Whether you are just tired of the responsibility of being somebody’s landlord or you inherited a rental home, you can’t always wait until a rental is empty in order to sell. That makes it important to know your options when it comes to putting a property on the market.

What are your legal obligations to your tenants when you decide to sell?

The answer largely depends on what type of rental agreement your renter is currently under. A renter with a month-by-month agreement generally has fewer rights than a renter with a fixed lease. Here are some guidelines you can use.

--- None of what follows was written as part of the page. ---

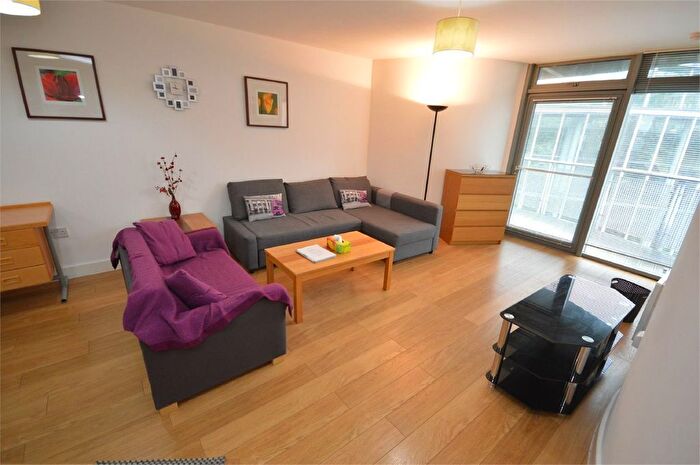 1 Bedroom Flat To Rent In The Mowbray, Borough Road, Sunderland, SR1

1. Determine what type of lease your tenant holds

You may or may not be aware of the type of lease your tenant holds (especially if you just inherited a property). Review the lease to determine whether or not the tenant has a month-by-month contract or a fixed-term one.

2. Decide if you have the ability to clear the property

Selling an empty property is generally easier than selling one with a tenant still living in it. For your purposes, it’s better if you can end the lease and then put the property on the market.

If the tenant is on a month-to-month contract, you need to give a 30-day notice to vacate. If the tenant is on a fixed-term contract, you will have to decide whether you can wait until after the lease expires to sell. Keep in mind, it may be possible to terminate the lease early if your property is occupied by a “problem” tenant. You can review the terms of the lease for violations and initiate eviction proceedings — although that does put you through more effort and expense than simply waiting out the lease.

3. Consider an offer to the resident of cash to buy out their lease

If you don’t have any way to terminate a lease early, you may be able to broker a deal with your tenant. Consider offering two months’ rent plus moving costs — enough for the tenant to start over somewhere else without significant expense. That may be cheaper (and quicker) than an eviction.

If all else fails, you can still sell the rental contract with the property — although that does mean finding a buyer who is willing to assume the lease.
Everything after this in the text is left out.